Instructions for the task: Give the data again in full, without pictures.

-------------------------

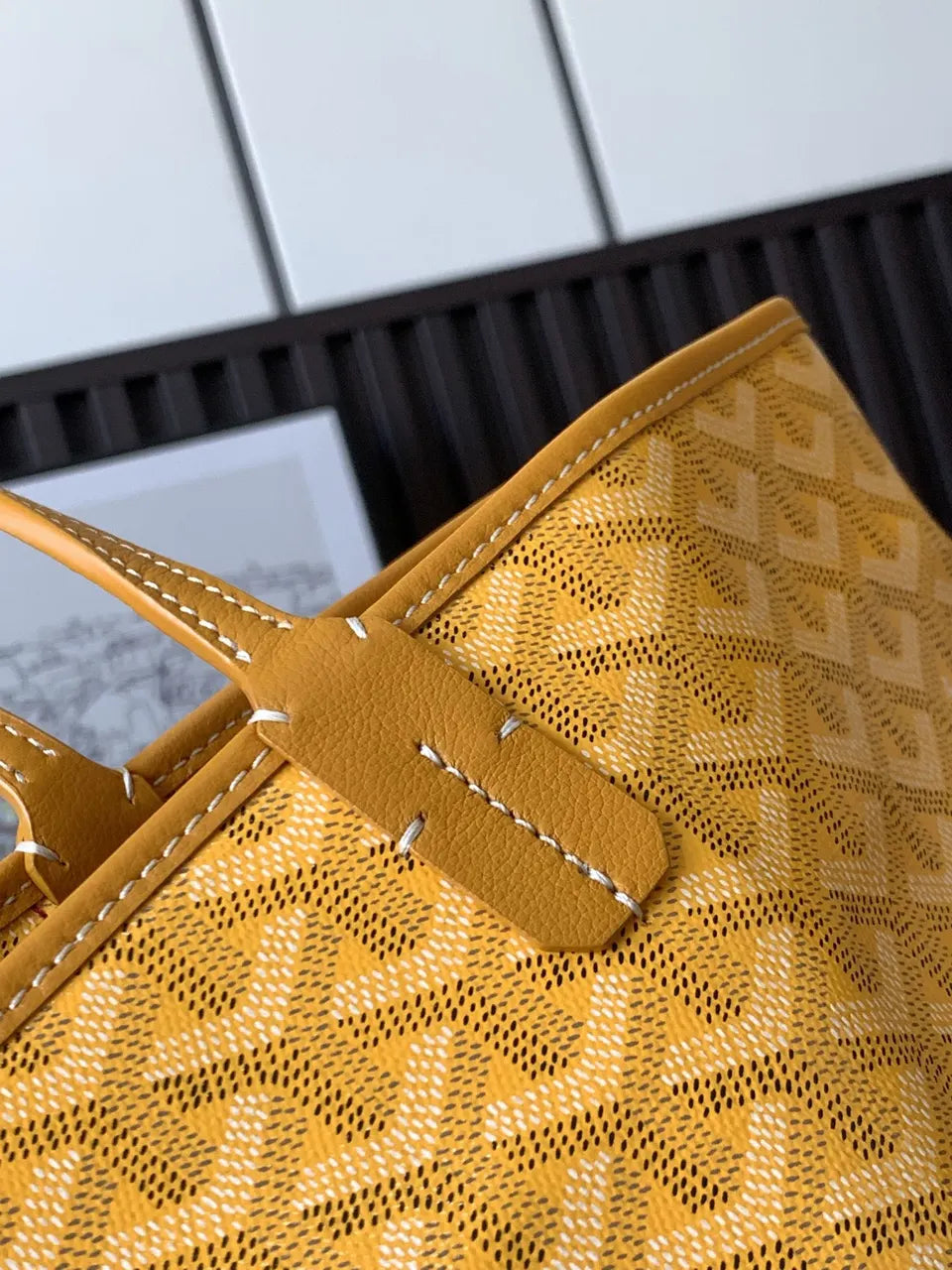 Goyard Yellow Goyardine Tote - Hình 6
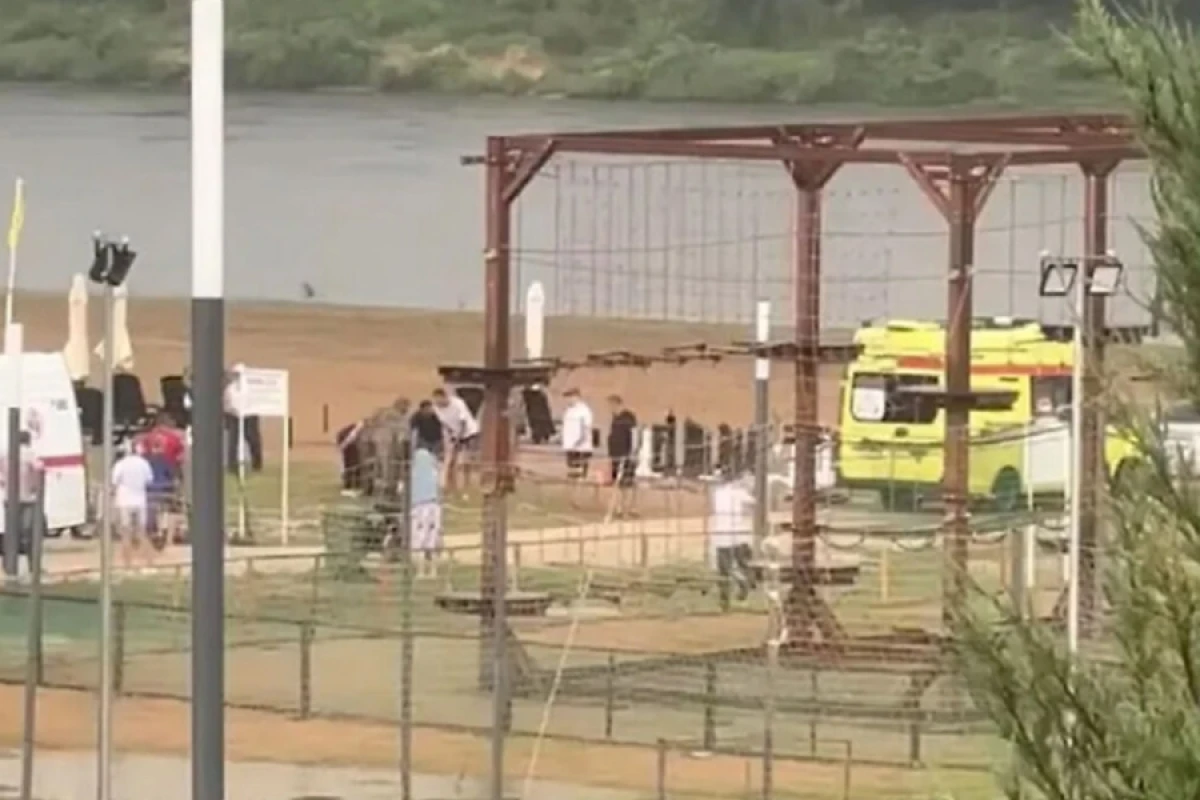Rusiyada çimərlikdə insanları ildırım vurdu - [[Ölənlər və yaralananlar var]]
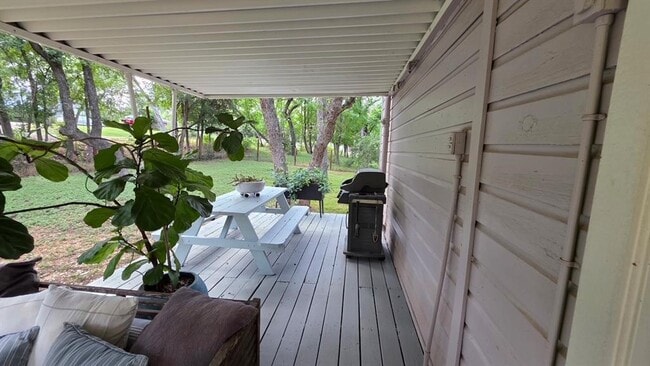 Building Photo - 2802 De Soto Dr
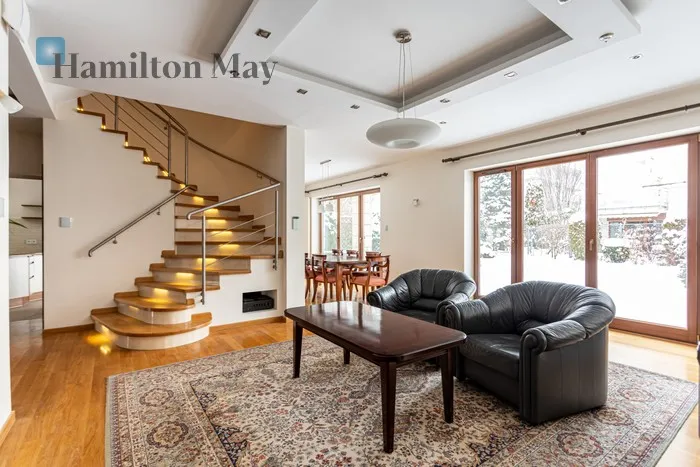 Subregion: Wyględów Distance to centre: 4.21 km Price: 20000 PLN Bedrooms: 3 Bathrooms: 2 - slider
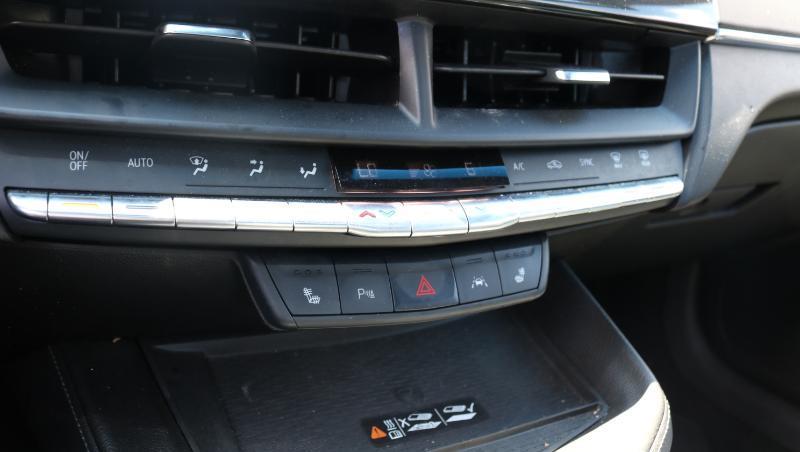 Cadillac CT4 4dr Sdn Luxury 2022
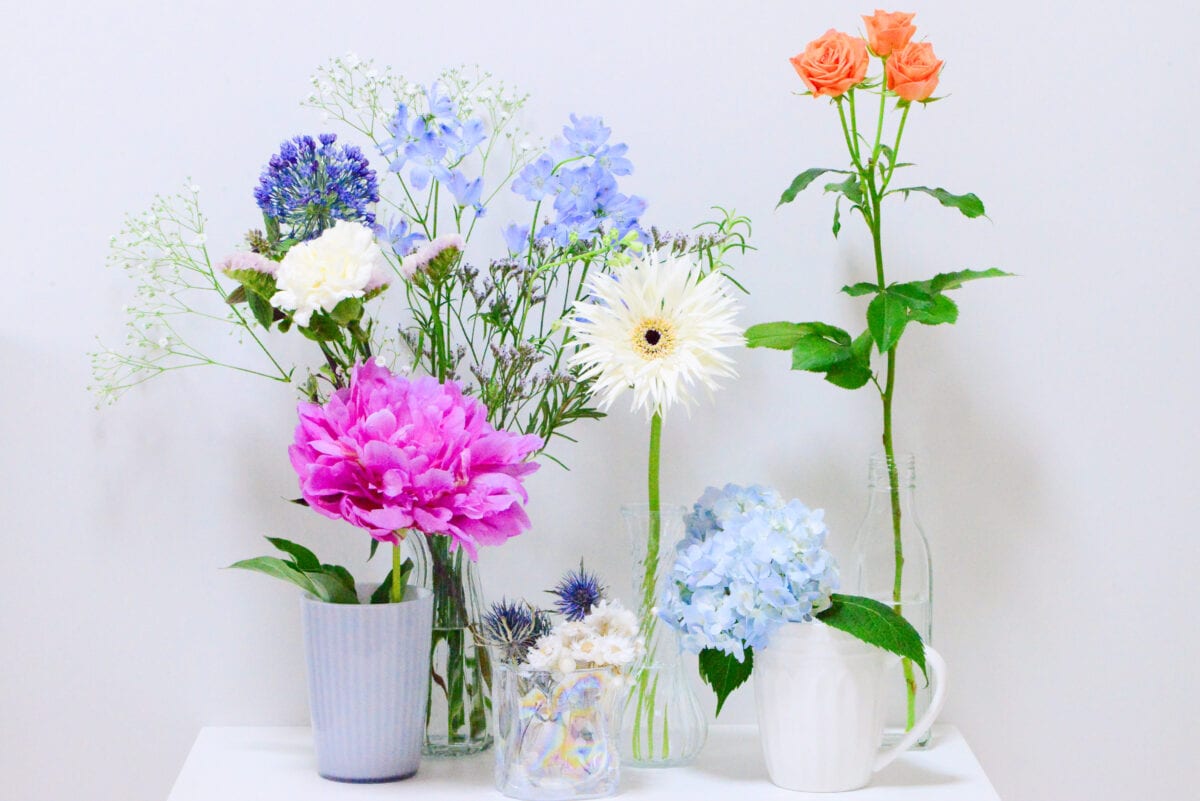 セリアの花瓶おすすめ6選｜大きめのものやおしゃれな一輪挿しも紹介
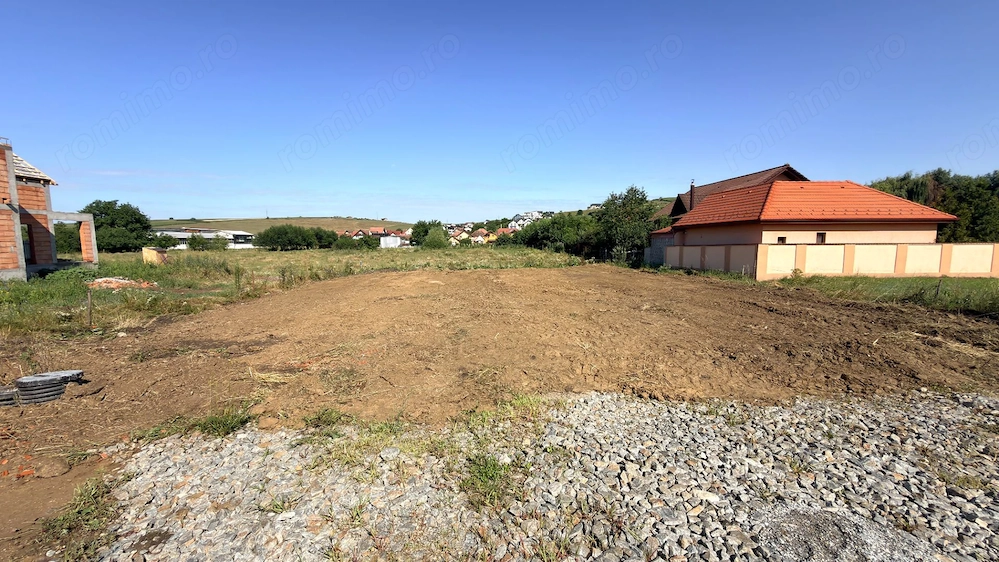 Teren intravilan 650mp cu PUZ+AC Sura Mare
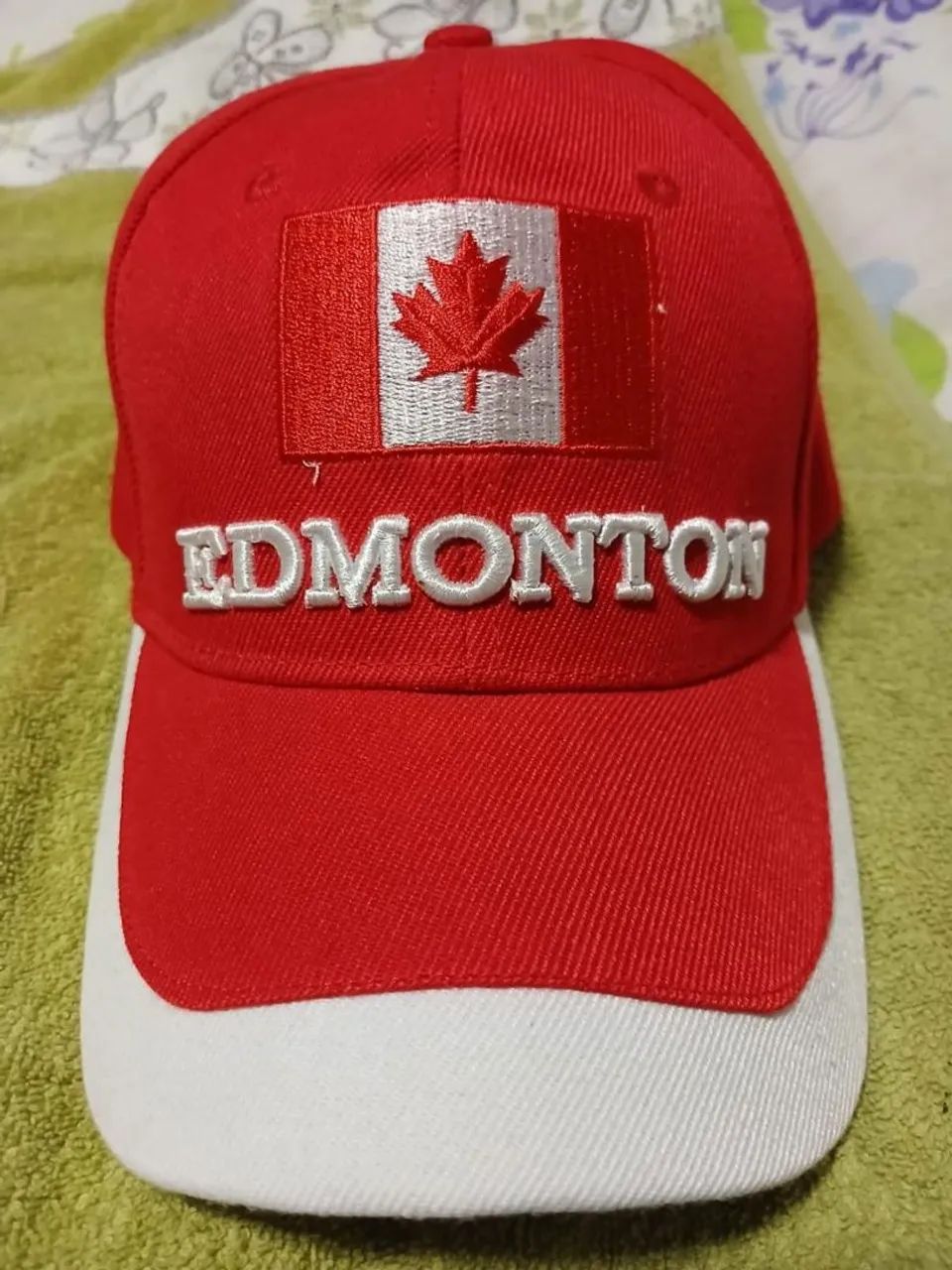 BONÉ PATRIÓTICO CANADA ?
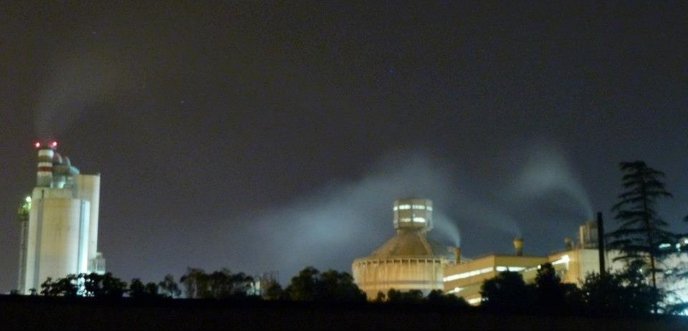 foto emissioni notturne Colacem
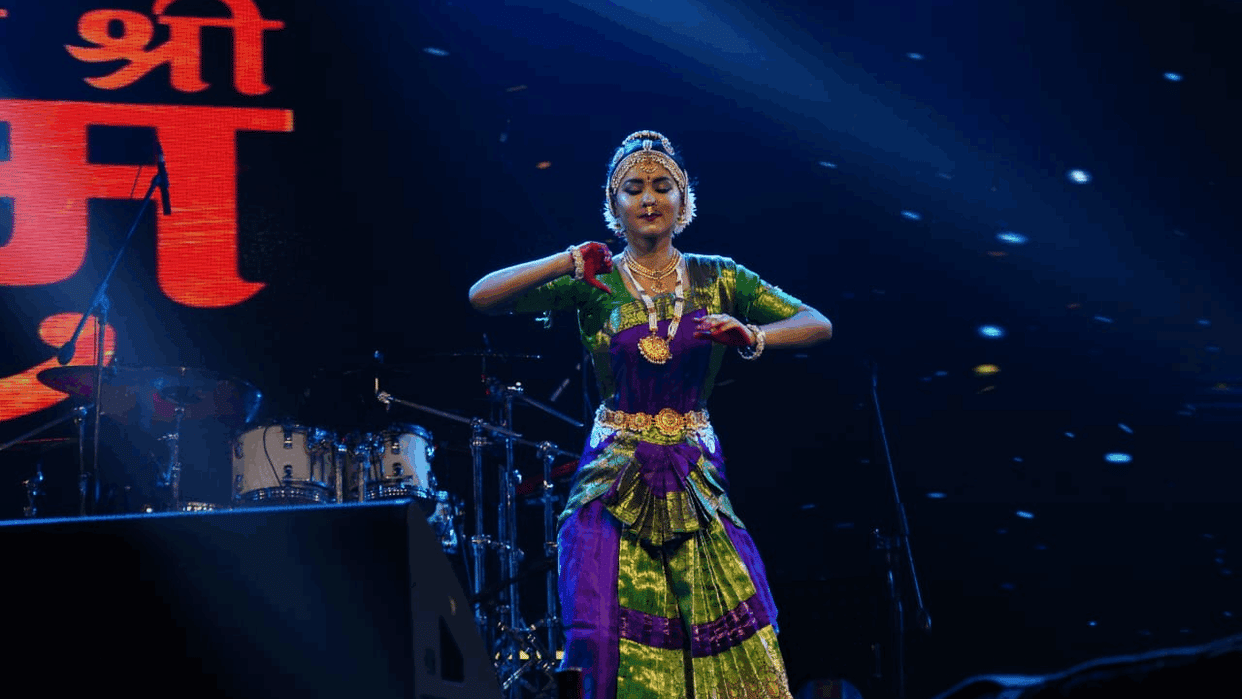 Music and cultural programs organized on second day of Bastar Dussehra Folk Festival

-------------------------

Written solution:
 Goyard Yellow Goyardine Tote - Hình 6
Rusiyada çimərlikdə insanları ildırım vurdu - [[Ölənlər və yaralananlar var]]
 Building Photo - 2802 De Soto Dr
 Subregion: Wyględów Distance to centre: 4.21 km Price: 20000 PLN Bedrooms: 3 Bathrooms: 2 - slider
 Cadillac CT4 4dr Sdn Luxury 2022
 セリアの花瓶おすすめ6選｜大きめのものやおしゃれな一輪挿しも紹介
 Teren intravilan 650mp cu PUZ+AC Sura Mare
 BONÉ PATRIÓTICO CANADA ?
 foto emissioni notturne Colacem
 Music and cultural programs organized on second day of Bastar Dussehra Folk Festival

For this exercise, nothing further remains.